Yesterday’s post discussed how the meaning of “must” in Nevada Revised Statutes can depend upon whether a verb is in the passive voice. Here in California, I’ve made frequent sightings of discussions of the passive voice in opinions, including the following:
Capo for Better Representation v. Kelley, 158 Cal.App.4th 1455 (2008) (“The Legislature could have used the vaguer, passive voice for the residence requirement (e.g., “Each signers will personally sign the petition, on which the residence of the signer shall be printed”) and in fact it did use the passive voice for another requirement set forth in section 100 (the need for the consecutive numbering in the format of the petition).

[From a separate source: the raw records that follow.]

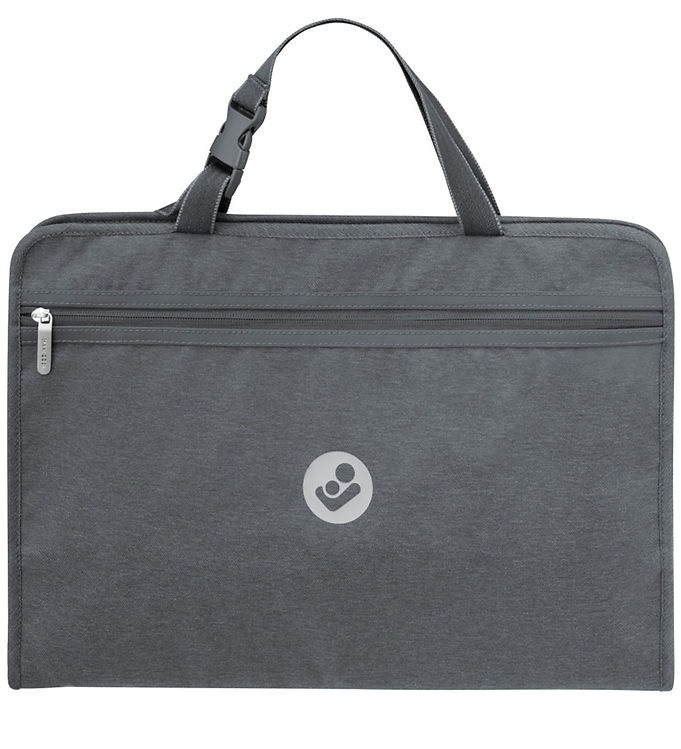 Maxi Cosi Organizer Til Bagsædet - Organ - Graphite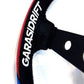 Vertex x Garasi Drift Collaboration Steering Wheel (Suede)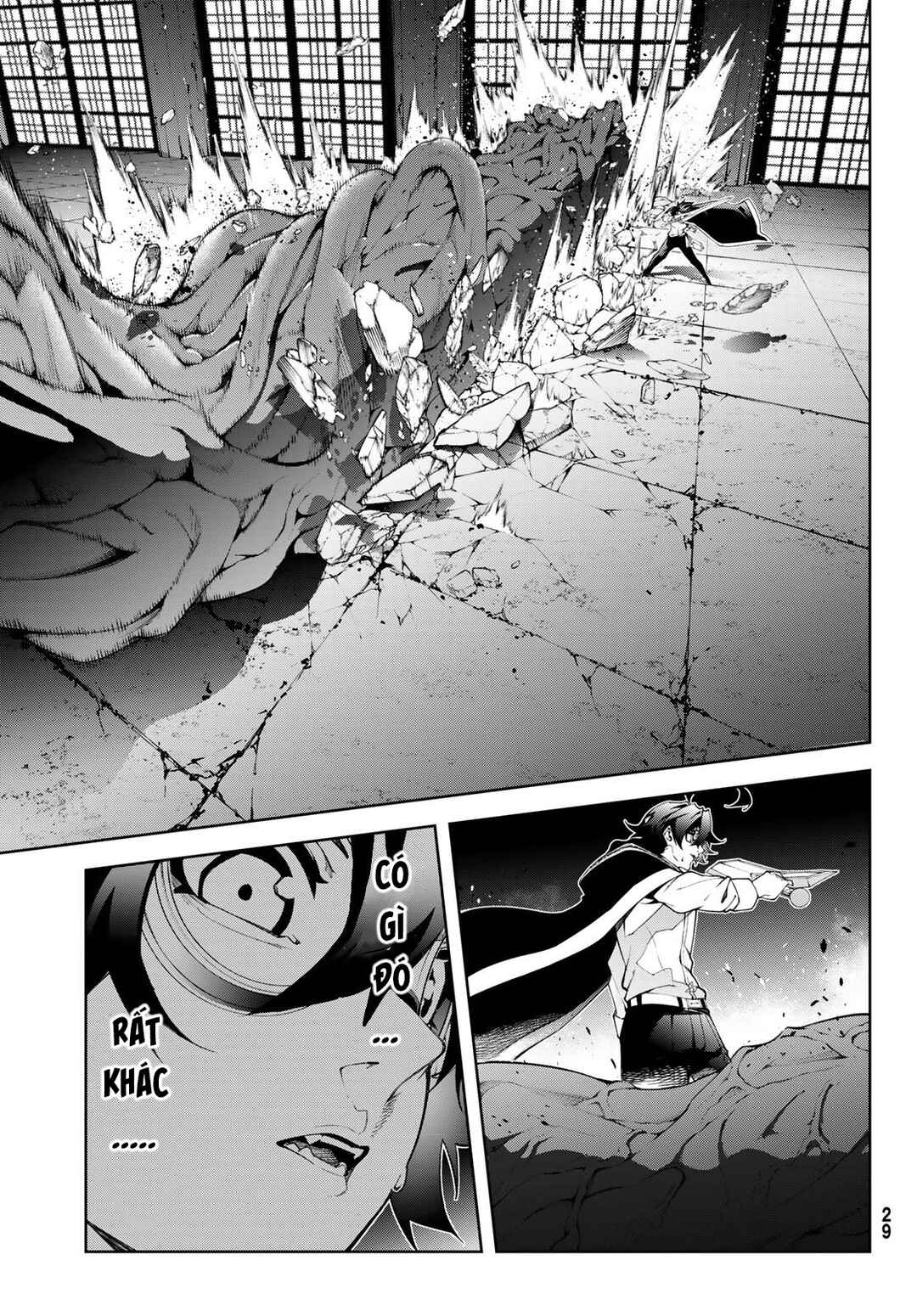 Chapter 58 - Page 22
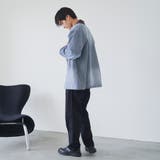 SMITH'S（スミス）別注デニムカバーオール | coen【men】 | 詳細画像23 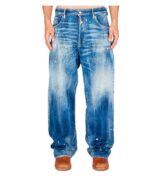 Jeans Eros Dsquared2 muy holgados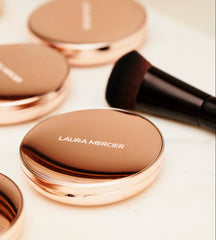Tinted Blur Balm and Brush Bundle
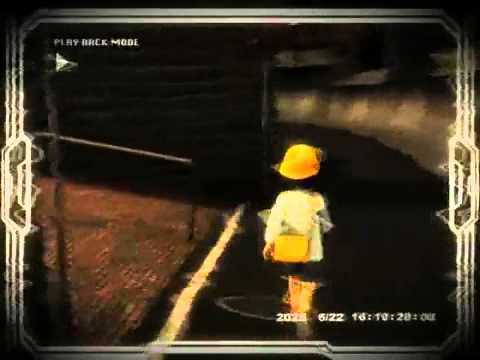 Memory Animation From Japan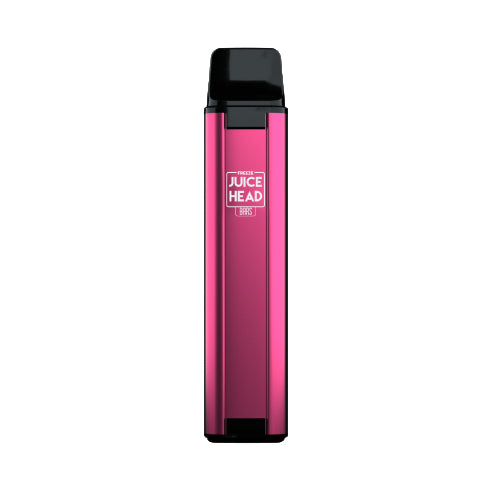 Juice Head Disposable 3000 Watermelon Lime | MadVapes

But it did not use the passive voice for the affixation-of-residence requirement. The contrast in voices underscores the intent of the Legislature for personal affixation by “each signer” of his or her residence address.”) (footnote omitted);
Belmont v. Comcast Cable Holdings, LLC, 151 Cal.App.4th 1224 (2007) (“We conclude, as did the court below, that a reasonable consumer would not likely be deceived by the mere use of the passive voice in the statements in the rate cards.”); and
Coso Energy Developers v. County of Inyo, 122 Cal.App.4th 1512 (2004) (“A sentence or clause written in the passive voice is not necessarily ambiguous.”).
Yesterday, was the first day of Passover. If you’ve ever danced the Hora to the tune of Hava Nagila, I highly recommend that you see Hava Nagila (the Movie). Connection to California? At the beginning of the film, watch for some briefs scenes of Canter’s Deli on Fairfax in Los Angeles.